04.02.2024 11.00
Franz Schubert: „Winterreise“, D911
Text: Wilhelm Müller
Anna Fischer, Alt
Theo Palm, Klavier
Franz Schuberts Winterreise, ein Zyklus aus 24 Liedern für Singstimme und Klavier auf Gedichte von Wilhelm Müller, gilt nicht nur als Höhepunkt in Schuberts Liedschaffen, sondern als Gipfel des deutschen Kunstlieds überhaupt.

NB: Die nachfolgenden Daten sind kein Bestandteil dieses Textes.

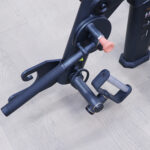 Commercial Deadlift Training Machine - Image 6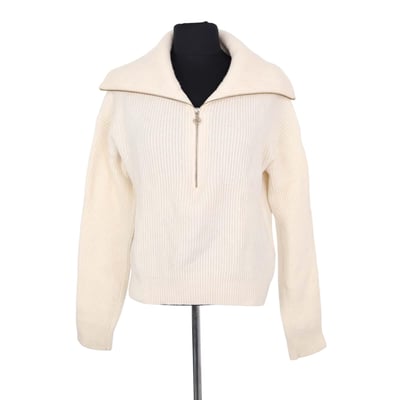 Pull - Très Bon État MAJE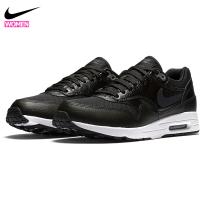 [SALE：]ナイキ ウィメンズ エアマックス 1 ウルトラ 2.0 レディース スニーカー NIKE WMNS AIR MAX 1 ULTRA 2.0 881104-002^【nike212】^ | Yellow(ノースフェイス・ハンターセール中)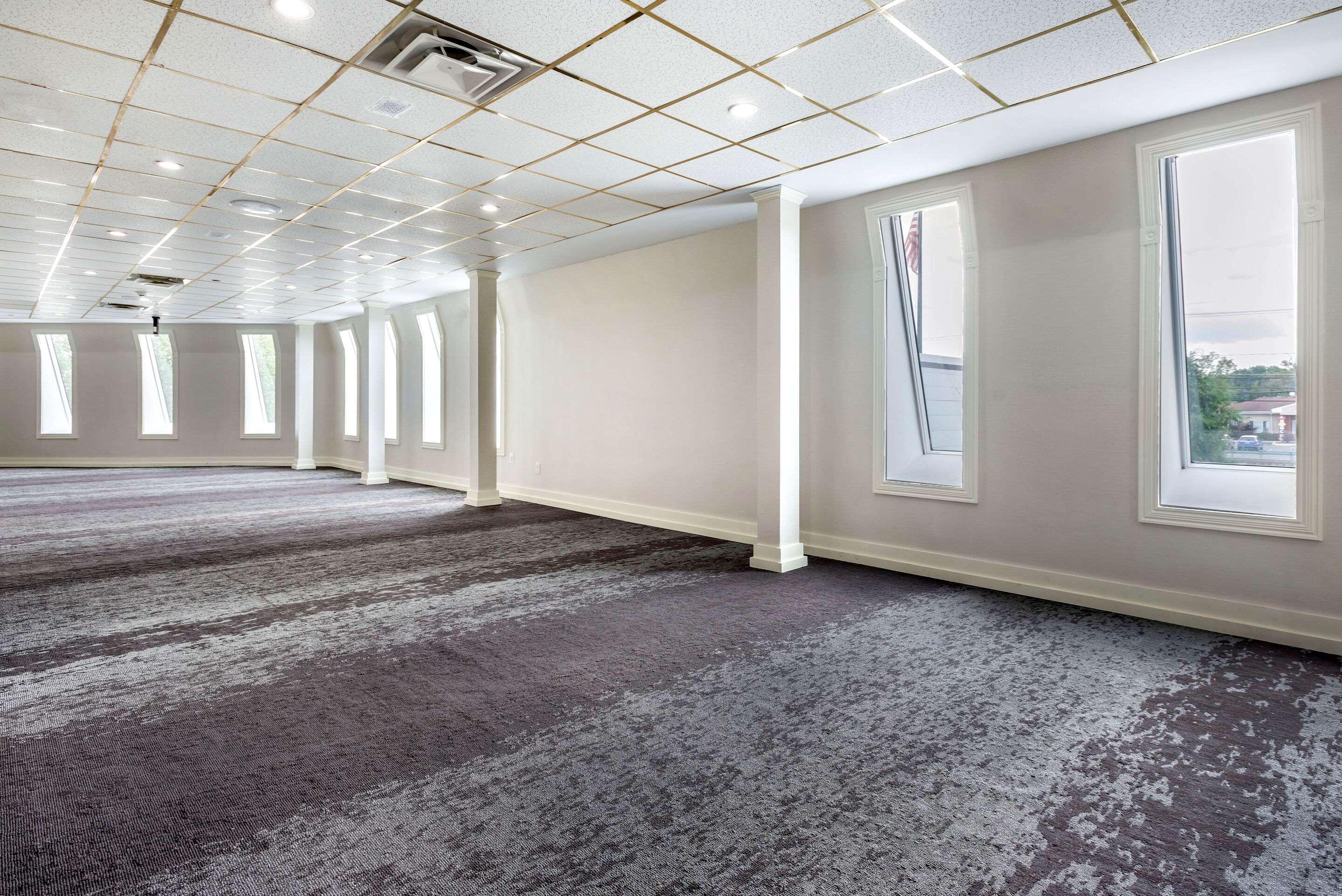 Somerset Lofts Εξωτερικό φωτογραφία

Wenige Jahre nach der Veröffentlichung von Wilhelm Müllers Gedichten fielen diese 1827 Franz Schubert in die Hände, der zu diesem Zeitpunkt bereits unheilbar an Syphilis erkrankt war. In diesem Zustand machte Schubert sich sogleich an die Vertonung der finsteren Gedichte. Sein Freund, Joseph von Spaun, erinnert sich: „Schubert wurde durch einige Zeit düster gestimmt und schien angegriffen. Auf meine Frage, was in ihm vorgehe, sagte er nur: ‚Nun, ihr werdet es bald hören und begreifen.‘ Eines Tages sagte er zu mir: ‚Komme heute zu Schober. Ich werde euch einen Zyklus schauerlicher Lieder vorsingen. Ich bin begierig zu sehen, was Ihr dazu sagt. Sie haben mich mehr angegriffen, als dieses je bei anderen Liedern der Fall war.‘ Er sang uns nun mit bewegter Stimme die ganze ‚Winterreise‘ durch. Wir waren über die düstere Stimmung dieser Lieder ganz verblüfft, und Schober sagte, es habe ihm nur ein Lied, der ‚Lindenbaum‘, gefallen.“
Die Hauptfigur ist ein einsamer Wanderer, der durch Eis und Kälte irrt. Nur wenig Konkretes verrät der Zyklus über diesen rätselhaften Menschen. Seine Reise ist keine gewöhnliche, sie hat kein Ziel, sie findet kein Ende. Traum, Wirklichkeit und Abgrund vermischen sich immer stärker in der Wahrnehmung des sich selbst verlierenden Wanderers. Und noch etwas ist ungewöhnlich an dieser winterlichen Reise: Der Mann wandert durch die verschneite Landschaft, doch sonst geschieht – äußerlich betrachtet – nichts. Denn das eigentliche Drama hat sich schon vor dem ersten Lied ereignet. So wird sein Inneres zum Schauplatz der Gesänge, die alle dieselbe Seelenlage spiegeln. Ausweglos kreisen sie um verlorene Liebe, Schmerz, Hoffnung und Resignation.